If we’re in a scene, and I have to think about where I’m going to cut, that’s boring. It’s annoying. But it’s hard not to, sometimes. I try to decompose all of my half-ass wisdom, and just strip it down, so that each process is its own true process. I just wish I could keep making first films. I wish I could approach every project as if it was the first thing I’d ever made. With that hunger and enthusiasm and lack of knowledge.
Not to psychoanalyze you or anything, but do you think that’s because George Washington was so successful?
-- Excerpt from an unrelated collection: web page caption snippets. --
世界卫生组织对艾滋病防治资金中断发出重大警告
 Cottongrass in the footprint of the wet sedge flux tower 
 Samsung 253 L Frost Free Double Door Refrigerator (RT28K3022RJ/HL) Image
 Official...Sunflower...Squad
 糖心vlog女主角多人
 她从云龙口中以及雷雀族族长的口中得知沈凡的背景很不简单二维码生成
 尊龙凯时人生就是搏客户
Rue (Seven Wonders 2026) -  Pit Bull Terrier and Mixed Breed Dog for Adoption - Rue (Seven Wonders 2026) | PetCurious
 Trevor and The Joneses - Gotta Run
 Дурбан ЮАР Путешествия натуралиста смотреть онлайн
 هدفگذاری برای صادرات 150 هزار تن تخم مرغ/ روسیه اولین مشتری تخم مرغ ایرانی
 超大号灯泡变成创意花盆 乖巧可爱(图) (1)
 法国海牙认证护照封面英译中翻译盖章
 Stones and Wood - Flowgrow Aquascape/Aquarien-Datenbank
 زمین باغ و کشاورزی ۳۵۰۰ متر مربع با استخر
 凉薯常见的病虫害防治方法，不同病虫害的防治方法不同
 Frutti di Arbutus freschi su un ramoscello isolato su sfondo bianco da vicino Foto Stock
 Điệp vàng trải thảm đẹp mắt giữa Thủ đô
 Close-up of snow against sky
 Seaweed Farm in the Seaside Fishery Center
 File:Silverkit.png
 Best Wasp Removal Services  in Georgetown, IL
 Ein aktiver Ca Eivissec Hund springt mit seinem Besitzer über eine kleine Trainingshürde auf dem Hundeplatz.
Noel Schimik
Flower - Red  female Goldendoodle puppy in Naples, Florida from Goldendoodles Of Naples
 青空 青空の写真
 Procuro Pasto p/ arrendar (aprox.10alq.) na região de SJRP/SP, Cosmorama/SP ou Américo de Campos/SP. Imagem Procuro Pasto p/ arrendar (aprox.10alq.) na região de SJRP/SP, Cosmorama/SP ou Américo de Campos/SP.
[Laughs.] I guarantee you that not one person in this hotel, besides you and me, has ever heard of George Washington. The way I look at it, my lack of success has been the true blessing of my career so far. Hopefully that will change—I’ve always wanted that to change—but to not have to deal with the burden of expectation has been great. Ultimately, I make movies that it may take audiences a while to find out about, but then [my movies] find open arms. They find people who really relate to them, and hopefully with a movie like Snow Angels, it’s universal enough in its themes that people can appreciate the fact that I’m asking them to engage in an emotional experience with an audience. I really want people to see this movie in a theater, because I think Snow Angels is about the exercise of feeling things in front of people.